Cette histoire a fait le tour du monde pour deux raisons. Il y a l’extrême gravité des faits et il y a cet ahurissant verdict de la justice en première instance: 18 à 24 mois de prison pour les violeurs, soit cinq ans de prison distribués au total.
La disproportion entre les faits et les sanctions a été aggravée, si l’on peut dire, par les «circonstances atténuantes» que la justice a bien voulu accorder aux violeurs! Que dire?
Affaire monstrueuse et jugement encore plus monstrueux: voilà ce que toute personne normalement constituée a pu ressentir. Fin du chapitre 1.
Le chapitre 2 a commencé avec la campagne de dénonciation du verdict et de soutien à la victime, aujourd’hui âgée de 13 ans. Beaucoup de personnes sincères ont prêté leurs voix et leurs plumes pour corriger ce qui peut l’être.

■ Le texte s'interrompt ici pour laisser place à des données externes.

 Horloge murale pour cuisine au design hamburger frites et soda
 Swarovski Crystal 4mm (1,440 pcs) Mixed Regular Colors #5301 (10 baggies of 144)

Le jugement en appel, qui vient de tomber, a ainsi distribué un total de 40 ans de prison aux trois violeurs (20 + 10 + 10), contre 5 ans seulement en première instance. Les peines ont donc été multipliées par huit!
Bien sûr, le premier réflexe est d’applaudir: les lourdes peines vont dans le sens de la restauration de l’honneur et de la dignité bafouée de la victime et de sa famille. Ces peines serviront d’exemple pour dissuader les violeurs potentiels qui courent les rues. Mais…
Parce qu’il y a un «mais». Voire deux.
Que va devenir la jeune victime, l’une des plus jeunes mamans (malgré elle) du Maroc, que va devenir son bébé? Comment devra-t-elle faire au quotidien, elle et sa famille, sachant que les familles des agresseurs font partie de leur voisinage?
Sur un autre plan, il y a de quoi se poser des questions sur le fonctionnement de la justice marocaine, et surtout sur la marge de manœuvre (ou d’erreur) dont peut disposer un juge. Nous savons tous que les procès en appel ont une vertu «correctrice», contredisant parfois les jugements en première instance, mais pas à ce point…
Si on part du principe que les deux tribunaux rendent justice et appliquent la loi, on en arrive à une conclusion qui fait froid dans le dos: quand, entre la première instance et l’appel, les écarts vont du simple à l’octuple, alors que les chefs d’accusation-inculpation n’ont pas été requalifiés, c’est que la marge de manœuvre accordée aux juges frôle l’indécence.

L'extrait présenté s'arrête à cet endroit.